Son contrat de travail suffit à son bonheur : un CDI rémunéré 2 700 euros brut – pour commencer – le treizième mois, téléphone, essence et salle de sport payés, et l’espoir de doubler son salaire en s’occupant correctement de la gestion des paris en direct. Autrement dit : en devenant liver. Cet employé, qui s’occupe de cotes variables pendant le match, se sert des cotes initialement établies par le trader pour les faire évoluer sur 90 minutes selon les différents événements de la partie.  » On fait les trois-huit, comme à l’usine, le salaire en plus. Il nous arrive de travailler deux semaines entières, sans un seul jour de repos !  » explique Simon, trader lui aussi.  » Quand je bossais en Angleterre , explique un autre, un mec venait de travailler presque 35 heures d’affilée, et il s’est endormi sur son match, exténué. Une équipe a ouvert le score et tout le monde, voyant que le pari « quelle équipe marquerait la première » restait ouvert, s’est précipité pour miser. Au final, plusieurs dizaines de milliers d’euros, et le site a dû fermer le match. Le mec s’est fait virer avec violence.  »

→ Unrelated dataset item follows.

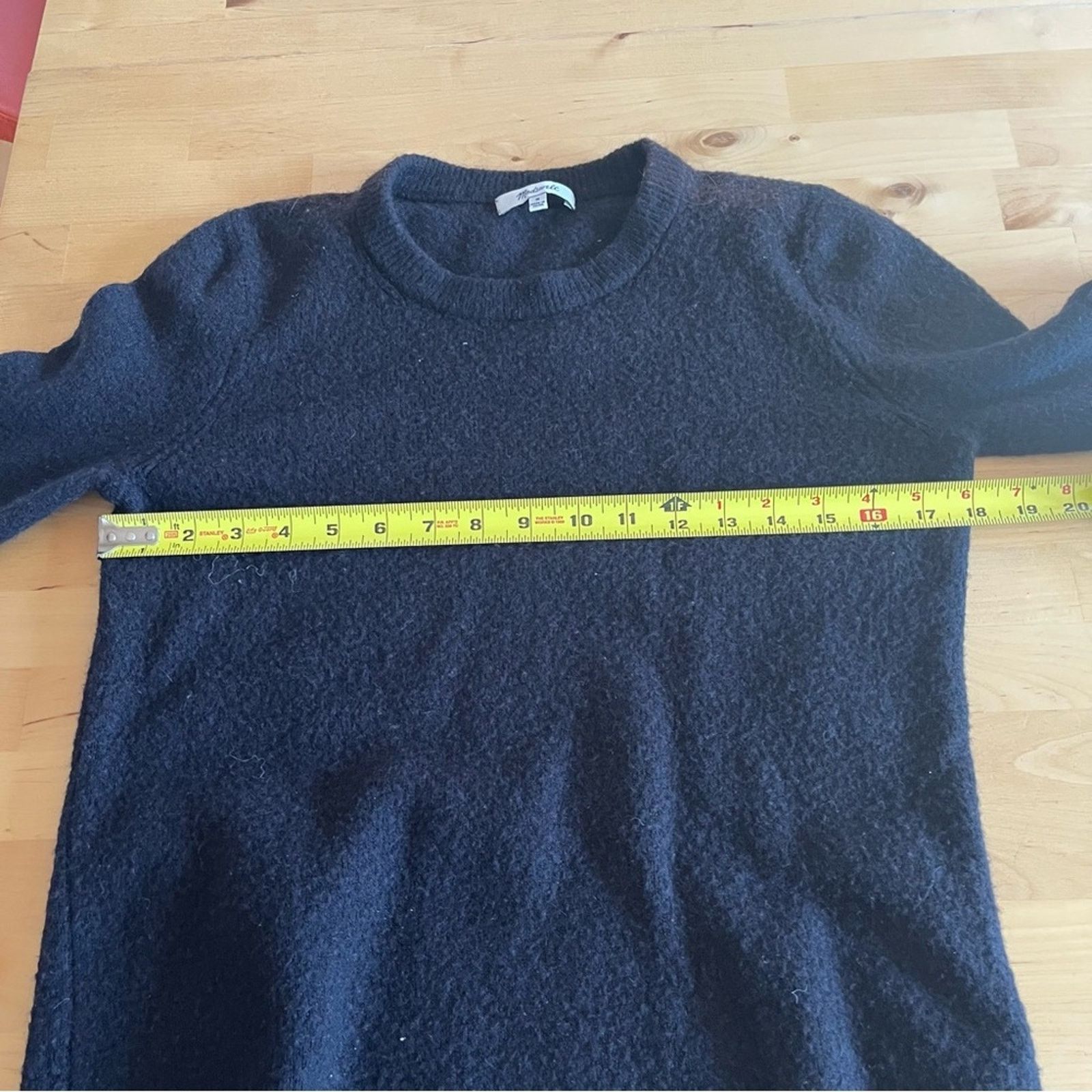Madewell Madewell Women's Black Merino Wool & Alpaca Sweater Size M Size M / US 6-8 / IT 42-44 - 7 Thumbnail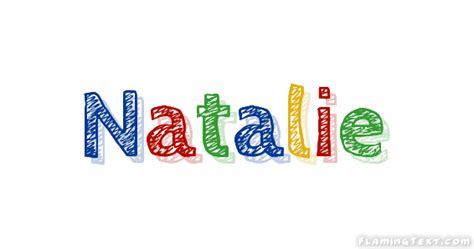 Natalie Logo Free Name Design Tool From Flaming Text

Entre traders – majorité mâle, comme les joueurs, à 92 % des hommes trentenaires – on… joue aussi. S’ils ne peuvent pas, en théorie, miser sur leur propre plate-forme, certaines entreprises, comme Betclic, basée à Londres, les autorisent à parier sur les sites concurrents et en dehors des heures de travail.  » Pour parler de nos paris perso, on utilise des codes de langage footballistiques, du style : « T’as pris un coup franc à 25 mètres, toi, samedi ? » Cela signifie que tu as paumé 250 euros ! On a les moyens de jouer de grosses sommes, sourit Yohan. Alors pourquoi s’en priver ? « .

(1) Depuis 2010, le marché français est encadré : l’Etat récupérerait environ 30 % des mises et l’ARJEL veille.  » Entre 2010 et 2011, il y a eu une baisse de 23 % des paris sportifs « , explique Jean-François Vilotte, président de l’organisme pour qui  » les joueurs seraient partis ailleurs, sur des sites illégaux ! « 

(2) Sauf que tout laisse à penser qu’en réalité le joueur n’était pas seul mais qu’ils étaient au nombre de quatre, pariaient tous sur le même compte et que les compères officiaient sous une autre identité sur un autre site, perdant sur l’un, gagnant chez le concurrent. Cela s’appelle de l’arbitrage, et c’est interdit.